Listed records>
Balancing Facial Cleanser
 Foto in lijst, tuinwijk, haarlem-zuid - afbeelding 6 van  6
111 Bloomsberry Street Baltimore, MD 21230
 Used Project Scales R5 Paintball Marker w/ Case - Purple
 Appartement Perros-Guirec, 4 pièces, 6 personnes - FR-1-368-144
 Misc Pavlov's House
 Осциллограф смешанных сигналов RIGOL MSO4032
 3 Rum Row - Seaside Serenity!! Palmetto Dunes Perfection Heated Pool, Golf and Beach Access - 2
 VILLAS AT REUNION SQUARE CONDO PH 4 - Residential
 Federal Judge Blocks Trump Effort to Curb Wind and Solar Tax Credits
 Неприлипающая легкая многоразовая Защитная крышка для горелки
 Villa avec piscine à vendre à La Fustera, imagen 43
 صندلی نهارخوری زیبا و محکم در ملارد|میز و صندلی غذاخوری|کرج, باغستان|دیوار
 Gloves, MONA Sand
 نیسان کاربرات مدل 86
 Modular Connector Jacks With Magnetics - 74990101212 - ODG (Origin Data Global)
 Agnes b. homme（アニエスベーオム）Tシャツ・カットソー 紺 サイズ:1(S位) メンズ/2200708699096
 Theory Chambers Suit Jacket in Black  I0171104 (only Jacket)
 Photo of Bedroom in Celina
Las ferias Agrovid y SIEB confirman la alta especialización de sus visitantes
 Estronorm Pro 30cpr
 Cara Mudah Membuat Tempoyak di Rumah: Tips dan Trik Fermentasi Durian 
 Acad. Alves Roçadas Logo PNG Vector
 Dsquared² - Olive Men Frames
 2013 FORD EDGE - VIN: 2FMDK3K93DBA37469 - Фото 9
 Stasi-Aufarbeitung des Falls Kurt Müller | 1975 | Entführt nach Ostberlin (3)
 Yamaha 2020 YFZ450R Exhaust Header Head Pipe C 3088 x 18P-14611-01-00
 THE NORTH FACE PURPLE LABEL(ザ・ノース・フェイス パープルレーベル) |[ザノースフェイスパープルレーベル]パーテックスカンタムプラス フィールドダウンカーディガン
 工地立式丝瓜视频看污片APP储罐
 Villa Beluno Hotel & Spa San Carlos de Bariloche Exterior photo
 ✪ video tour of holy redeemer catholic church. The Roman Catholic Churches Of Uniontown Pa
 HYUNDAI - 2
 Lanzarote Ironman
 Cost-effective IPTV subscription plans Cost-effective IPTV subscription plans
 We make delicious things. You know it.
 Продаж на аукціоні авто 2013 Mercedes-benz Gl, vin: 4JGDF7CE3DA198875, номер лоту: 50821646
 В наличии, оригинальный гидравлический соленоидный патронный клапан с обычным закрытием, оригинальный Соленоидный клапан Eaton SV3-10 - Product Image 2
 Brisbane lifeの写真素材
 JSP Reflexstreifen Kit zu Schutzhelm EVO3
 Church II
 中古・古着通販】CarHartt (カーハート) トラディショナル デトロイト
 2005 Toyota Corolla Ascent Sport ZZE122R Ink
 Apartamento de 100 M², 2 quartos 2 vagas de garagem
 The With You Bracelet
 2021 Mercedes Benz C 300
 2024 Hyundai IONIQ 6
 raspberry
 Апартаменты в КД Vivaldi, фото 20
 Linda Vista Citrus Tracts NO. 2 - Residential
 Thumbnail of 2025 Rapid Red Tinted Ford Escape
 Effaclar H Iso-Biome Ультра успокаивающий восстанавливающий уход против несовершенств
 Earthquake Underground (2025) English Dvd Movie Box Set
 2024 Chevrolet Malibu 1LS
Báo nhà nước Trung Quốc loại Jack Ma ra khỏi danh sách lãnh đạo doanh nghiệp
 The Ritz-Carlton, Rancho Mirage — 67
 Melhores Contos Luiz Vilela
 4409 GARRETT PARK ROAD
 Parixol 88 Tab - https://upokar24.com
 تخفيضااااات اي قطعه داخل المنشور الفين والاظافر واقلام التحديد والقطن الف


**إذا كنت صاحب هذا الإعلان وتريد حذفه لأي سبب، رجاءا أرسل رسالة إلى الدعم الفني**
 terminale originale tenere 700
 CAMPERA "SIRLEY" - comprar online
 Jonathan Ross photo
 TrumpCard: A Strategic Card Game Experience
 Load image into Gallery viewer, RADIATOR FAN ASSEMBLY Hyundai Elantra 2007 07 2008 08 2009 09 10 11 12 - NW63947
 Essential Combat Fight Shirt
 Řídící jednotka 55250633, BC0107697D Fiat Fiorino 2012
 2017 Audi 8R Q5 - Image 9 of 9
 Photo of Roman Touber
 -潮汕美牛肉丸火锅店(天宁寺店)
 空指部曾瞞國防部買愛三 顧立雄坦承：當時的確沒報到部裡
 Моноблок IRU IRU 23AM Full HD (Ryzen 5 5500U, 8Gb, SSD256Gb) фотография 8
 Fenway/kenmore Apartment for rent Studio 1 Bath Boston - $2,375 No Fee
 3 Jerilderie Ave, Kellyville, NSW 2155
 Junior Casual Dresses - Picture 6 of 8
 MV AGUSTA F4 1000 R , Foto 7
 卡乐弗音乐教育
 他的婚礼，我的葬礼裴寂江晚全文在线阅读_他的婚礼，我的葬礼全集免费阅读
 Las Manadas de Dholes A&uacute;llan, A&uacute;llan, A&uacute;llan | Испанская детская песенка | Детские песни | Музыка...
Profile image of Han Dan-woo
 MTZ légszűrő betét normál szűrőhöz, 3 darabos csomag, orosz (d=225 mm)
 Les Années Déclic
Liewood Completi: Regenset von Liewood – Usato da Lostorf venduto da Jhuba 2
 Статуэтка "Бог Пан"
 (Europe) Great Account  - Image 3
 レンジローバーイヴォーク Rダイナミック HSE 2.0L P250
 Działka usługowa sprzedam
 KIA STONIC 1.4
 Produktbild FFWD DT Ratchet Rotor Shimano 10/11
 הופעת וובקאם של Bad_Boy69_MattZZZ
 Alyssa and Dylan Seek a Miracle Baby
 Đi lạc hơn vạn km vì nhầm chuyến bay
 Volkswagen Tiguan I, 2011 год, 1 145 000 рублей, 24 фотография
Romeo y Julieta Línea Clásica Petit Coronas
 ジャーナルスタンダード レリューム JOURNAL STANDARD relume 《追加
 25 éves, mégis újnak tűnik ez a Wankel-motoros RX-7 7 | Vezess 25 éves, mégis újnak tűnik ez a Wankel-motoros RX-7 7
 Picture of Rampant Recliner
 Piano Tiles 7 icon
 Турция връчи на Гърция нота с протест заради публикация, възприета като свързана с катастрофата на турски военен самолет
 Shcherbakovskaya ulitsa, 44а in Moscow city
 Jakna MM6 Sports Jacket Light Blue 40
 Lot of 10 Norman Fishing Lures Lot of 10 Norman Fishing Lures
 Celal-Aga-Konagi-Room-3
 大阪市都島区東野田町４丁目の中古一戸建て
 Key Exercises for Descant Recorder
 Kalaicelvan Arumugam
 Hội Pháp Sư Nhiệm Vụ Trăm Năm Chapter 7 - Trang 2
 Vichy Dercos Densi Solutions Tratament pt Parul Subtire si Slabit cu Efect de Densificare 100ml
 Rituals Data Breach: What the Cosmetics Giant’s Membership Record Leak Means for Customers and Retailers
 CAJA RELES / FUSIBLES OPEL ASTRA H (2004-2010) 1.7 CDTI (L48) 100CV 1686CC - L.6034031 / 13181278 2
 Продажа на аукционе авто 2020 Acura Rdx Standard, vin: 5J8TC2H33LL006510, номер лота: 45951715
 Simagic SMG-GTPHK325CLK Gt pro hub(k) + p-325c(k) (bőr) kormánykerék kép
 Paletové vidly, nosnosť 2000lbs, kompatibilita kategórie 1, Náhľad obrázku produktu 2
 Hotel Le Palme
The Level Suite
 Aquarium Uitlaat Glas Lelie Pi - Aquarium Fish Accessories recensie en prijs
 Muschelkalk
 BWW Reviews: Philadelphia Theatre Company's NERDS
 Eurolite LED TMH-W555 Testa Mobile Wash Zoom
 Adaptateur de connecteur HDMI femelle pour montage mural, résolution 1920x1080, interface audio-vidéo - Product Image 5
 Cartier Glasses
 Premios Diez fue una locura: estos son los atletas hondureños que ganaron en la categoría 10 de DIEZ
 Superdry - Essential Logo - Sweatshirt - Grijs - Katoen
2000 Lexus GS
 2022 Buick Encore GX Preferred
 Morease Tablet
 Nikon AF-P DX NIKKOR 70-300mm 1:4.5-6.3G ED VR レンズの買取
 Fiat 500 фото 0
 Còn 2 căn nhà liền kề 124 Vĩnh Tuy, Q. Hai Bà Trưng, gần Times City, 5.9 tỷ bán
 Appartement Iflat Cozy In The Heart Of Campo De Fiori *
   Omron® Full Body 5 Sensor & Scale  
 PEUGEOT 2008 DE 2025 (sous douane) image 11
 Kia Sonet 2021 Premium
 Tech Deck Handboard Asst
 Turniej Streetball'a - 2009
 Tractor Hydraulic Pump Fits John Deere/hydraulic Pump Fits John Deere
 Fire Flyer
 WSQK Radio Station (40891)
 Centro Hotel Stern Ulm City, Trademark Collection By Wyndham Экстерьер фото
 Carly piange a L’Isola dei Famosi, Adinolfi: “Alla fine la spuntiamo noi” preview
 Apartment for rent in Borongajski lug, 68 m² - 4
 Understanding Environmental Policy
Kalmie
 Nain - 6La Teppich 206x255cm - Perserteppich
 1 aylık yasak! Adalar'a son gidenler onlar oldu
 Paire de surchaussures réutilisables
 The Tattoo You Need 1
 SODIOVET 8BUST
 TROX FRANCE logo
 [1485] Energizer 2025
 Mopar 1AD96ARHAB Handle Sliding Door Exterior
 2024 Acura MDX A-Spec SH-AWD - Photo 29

Action item>
Exactly as written, please reproduce the lines from the first line of the data to the line containing "Осциллограф смешанных сигналов RIGOL MSO4032", inclusive, and nothing else.

Response>
Balancing Facial Cleanser
 Foto in lijst, tuinwijk, haarlem-zuid - afbeelding 6 van  6
111 Bloomsberry Street Baltimore, MD 21230
 Used Project Scales R5 Paintball Marker w/ Case - Purple
 Appartement Perros-Guirec, 4 pièces, 6 personnes - FR-1-368-144
 Misc Pavlov's House
 Осциллограф смешанных сигналов RIGOL MSO4032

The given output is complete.